Directions >> Each line from the one that holds "communication facilitation" to the end of the entries is to be given again exactly. Do not include pictures.
(Beginning of Supplied records)
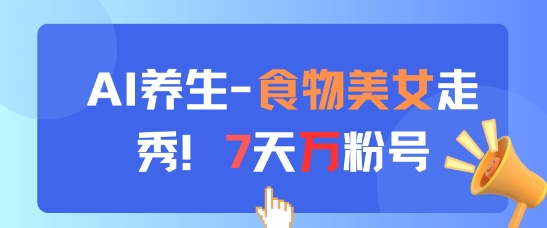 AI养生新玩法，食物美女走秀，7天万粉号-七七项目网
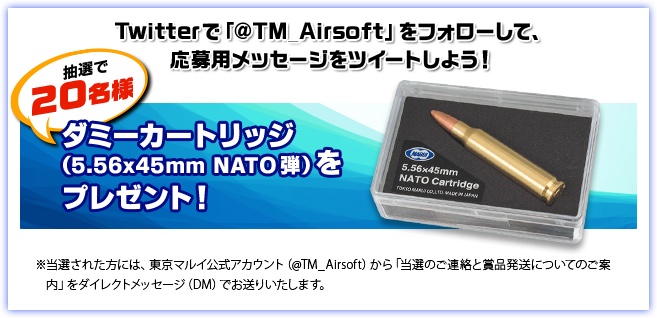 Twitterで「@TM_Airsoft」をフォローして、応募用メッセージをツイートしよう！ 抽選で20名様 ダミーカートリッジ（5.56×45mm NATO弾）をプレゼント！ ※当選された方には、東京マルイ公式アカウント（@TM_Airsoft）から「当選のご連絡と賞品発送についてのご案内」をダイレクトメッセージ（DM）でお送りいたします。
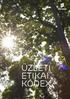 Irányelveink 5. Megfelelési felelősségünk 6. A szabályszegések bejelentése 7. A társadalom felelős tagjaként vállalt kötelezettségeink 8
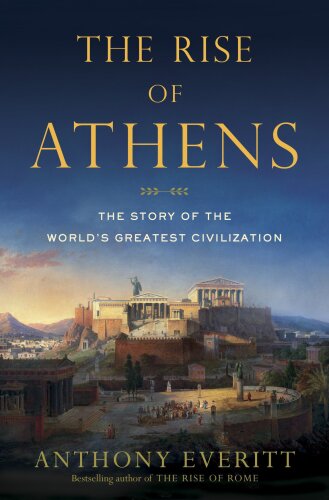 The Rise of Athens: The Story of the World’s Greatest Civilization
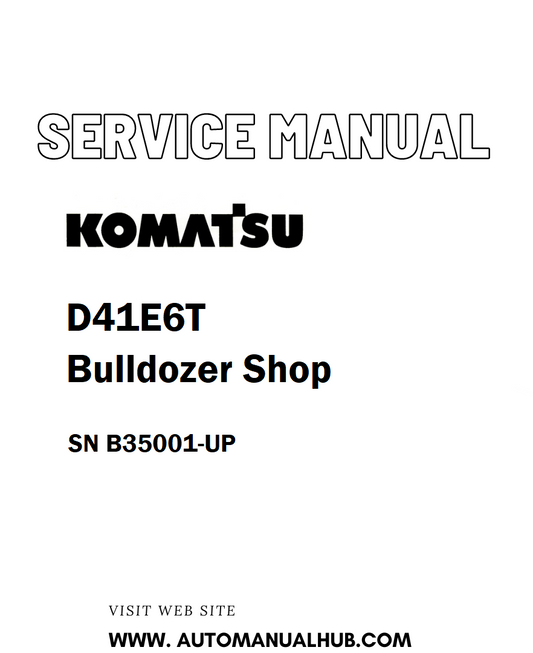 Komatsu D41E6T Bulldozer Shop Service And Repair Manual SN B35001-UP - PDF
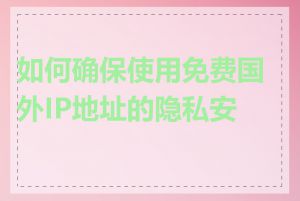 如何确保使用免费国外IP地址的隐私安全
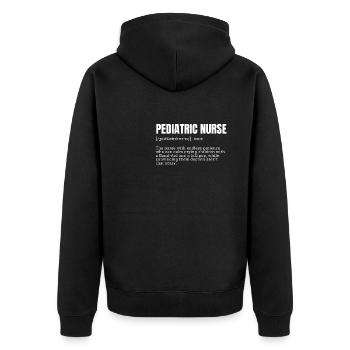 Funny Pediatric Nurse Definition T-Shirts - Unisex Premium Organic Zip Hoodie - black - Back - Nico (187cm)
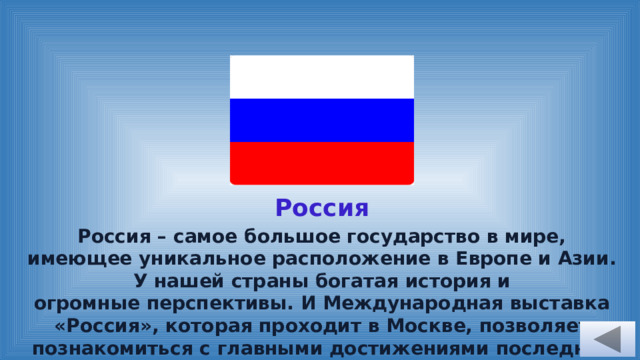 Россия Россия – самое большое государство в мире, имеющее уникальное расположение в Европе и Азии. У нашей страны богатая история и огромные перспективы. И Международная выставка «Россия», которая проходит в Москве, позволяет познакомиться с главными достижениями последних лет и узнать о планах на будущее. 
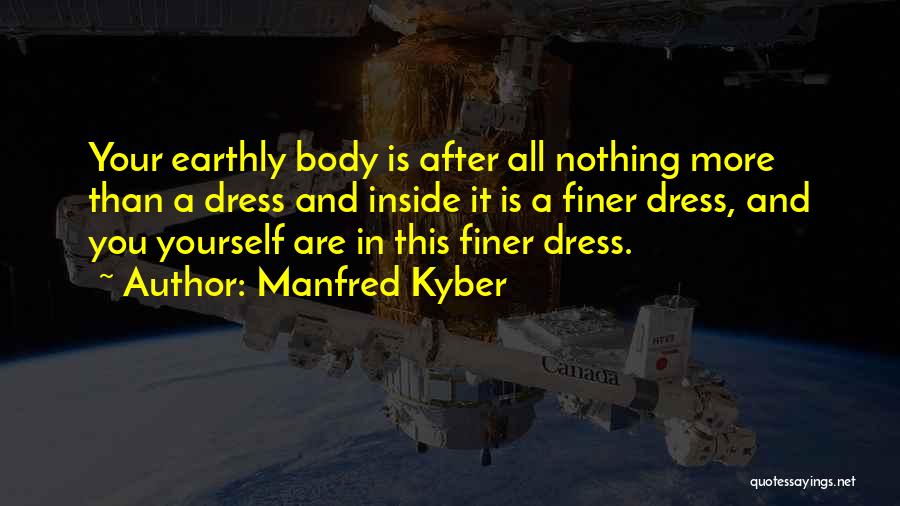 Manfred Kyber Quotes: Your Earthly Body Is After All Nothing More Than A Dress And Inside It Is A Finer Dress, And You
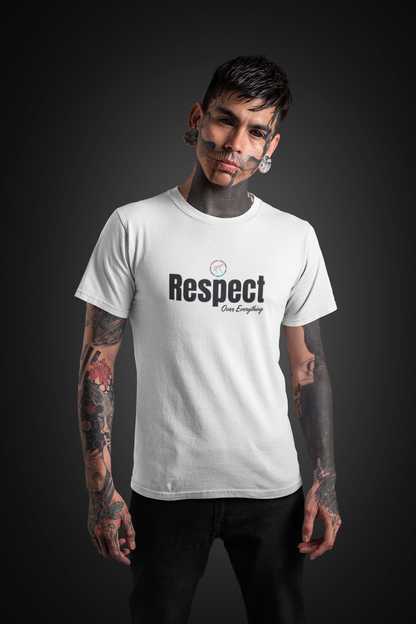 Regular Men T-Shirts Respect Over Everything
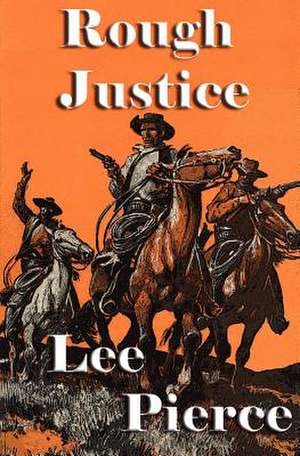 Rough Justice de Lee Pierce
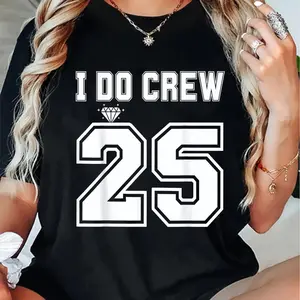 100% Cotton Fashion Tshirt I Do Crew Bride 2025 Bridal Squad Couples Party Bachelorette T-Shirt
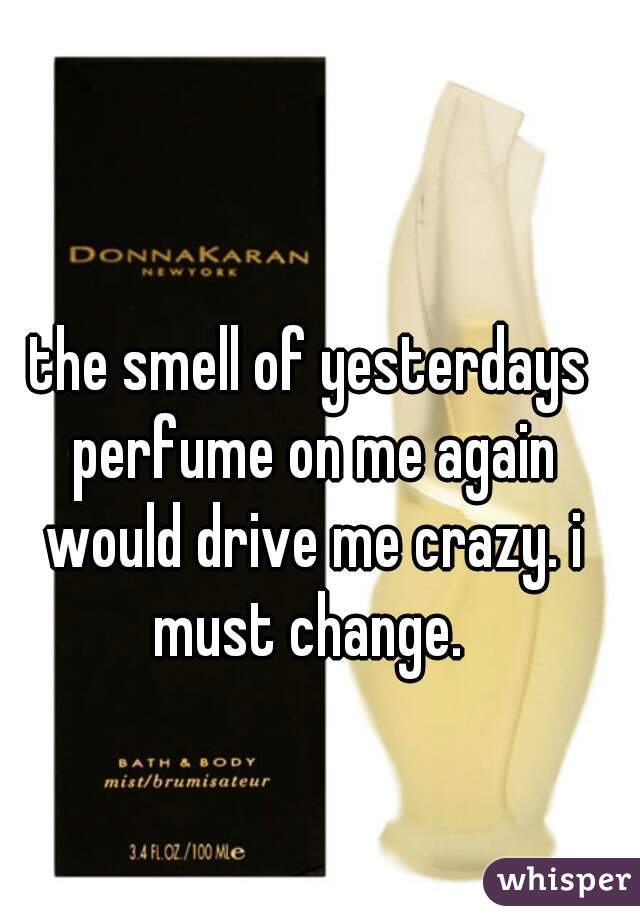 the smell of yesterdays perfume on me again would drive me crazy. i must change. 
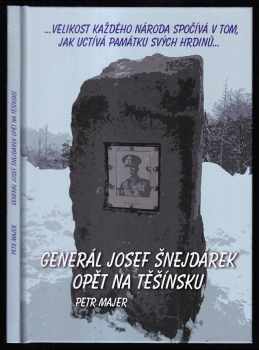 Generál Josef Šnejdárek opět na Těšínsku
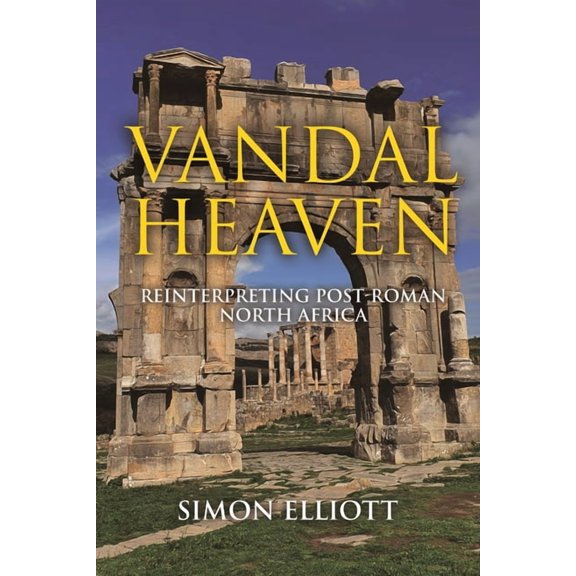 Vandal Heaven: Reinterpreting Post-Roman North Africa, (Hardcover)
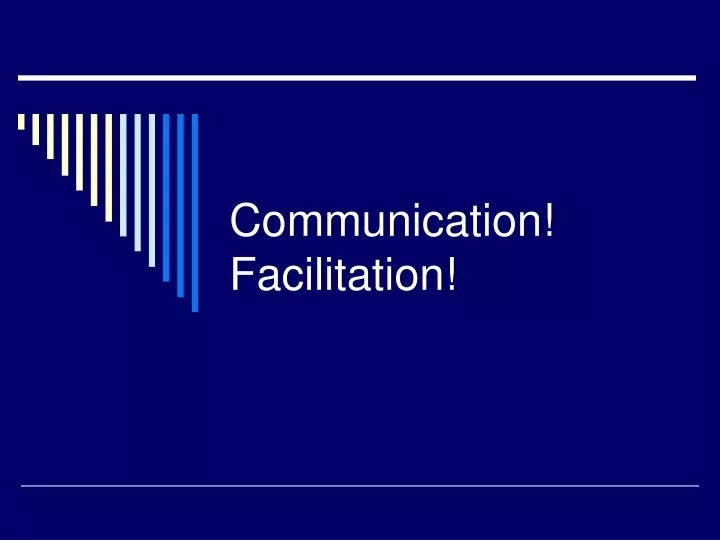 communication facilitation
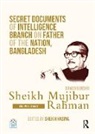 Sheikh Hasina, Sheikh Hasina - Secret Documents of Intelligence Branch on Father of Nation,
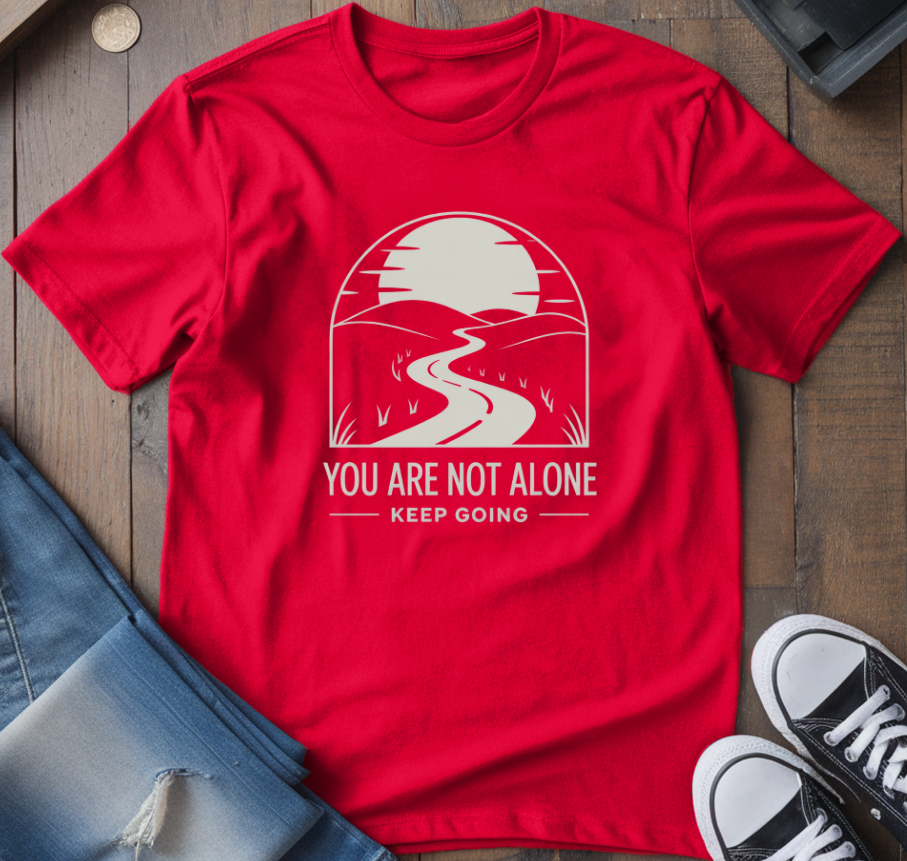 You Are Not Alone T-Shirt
(End of Supplied records)
Reply to the task >>
 communication facilitation
 Sheikh Hasina, Sheikh Hasina - Secret Documents of Intelligence Branch on Father of Nation,
 You Are Not Alone T-Shirt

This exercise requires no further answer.